───── STORED DATA ─────

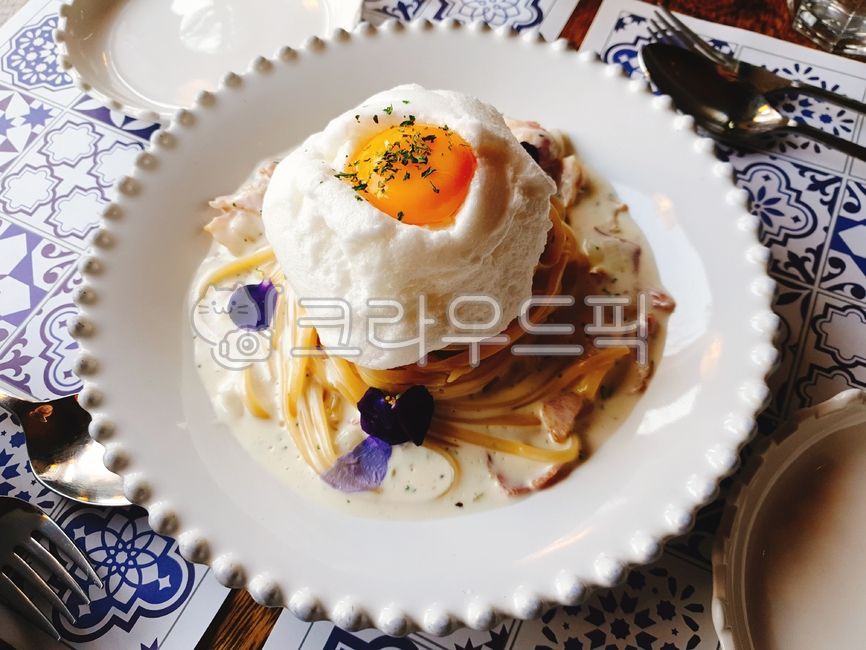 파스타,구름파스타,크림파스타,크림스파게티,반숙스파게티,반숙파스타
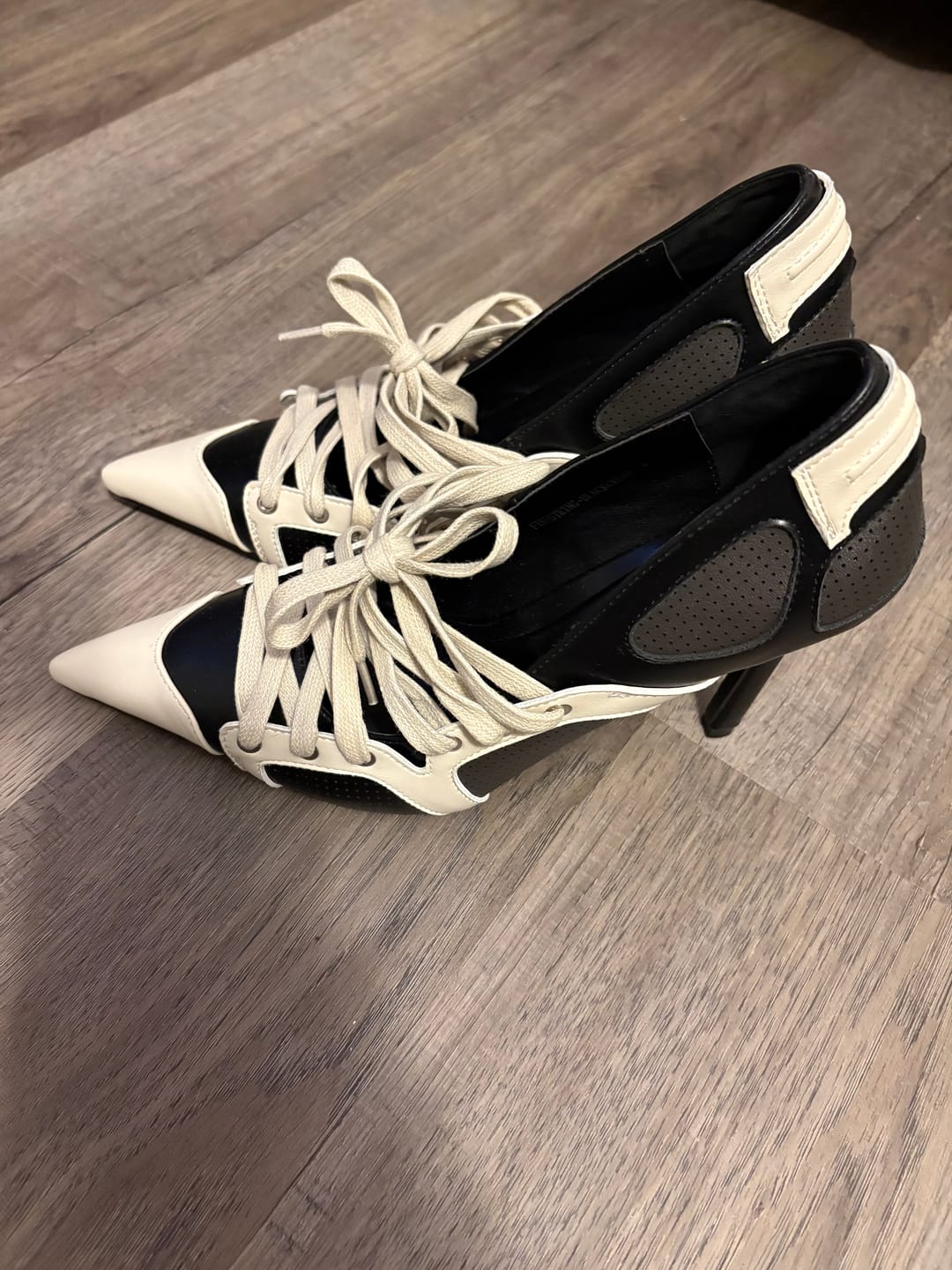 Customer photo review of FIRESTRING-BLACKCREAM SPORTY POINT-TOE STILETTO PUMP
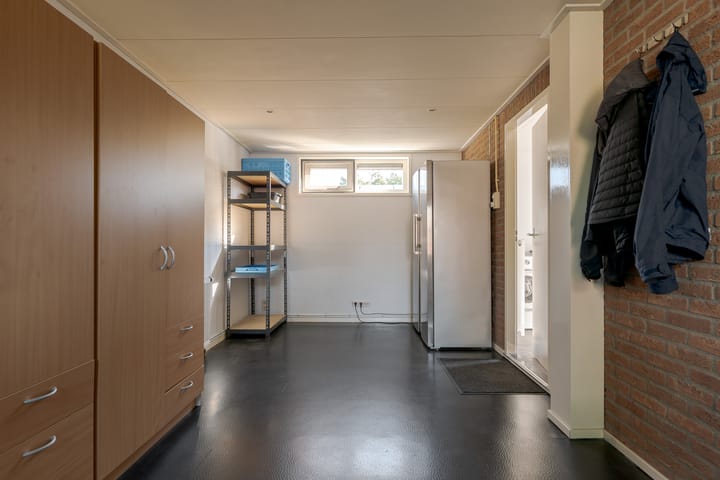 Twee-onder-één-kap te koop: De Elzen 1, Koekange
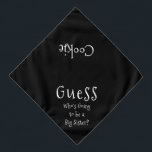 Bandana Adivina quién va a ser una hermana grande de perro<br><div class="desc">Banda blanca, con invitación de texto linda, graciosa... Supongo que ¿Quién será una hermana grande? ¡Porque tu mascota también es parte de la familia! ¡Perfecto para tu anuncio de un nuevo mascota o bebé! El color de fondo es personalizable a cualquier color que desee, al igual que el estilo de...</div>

─────

DIRECTIONS
Reproduce all the data as it stands. The pictures are not part of the copy.

RESULT
 파스타,구름파스타,크림파스타,크림스파게티,반숙스파게티,반숙파스타
 Customer photo review of FIRESTRING-BLACKCREAM SPORTY POINT-TOE STILETTO PUMP
 Twee-onder-één-kap te koop: De Elzen 1, Koekange
 Bandana Adivina quién va a ser una hermana grande de perro<br><div class="desc">Banda blanca, con invitación de texto linda, graciosa... Supongo que ¿Quién será una hermana grande? ¡Porque tu mascota también es parte de la familia! ¡Perfecto para tu anuncio de un nuevo mascota o bebé! El color de fondo es personalizable a cualquier color que desee, al igual que el estilo de...</div>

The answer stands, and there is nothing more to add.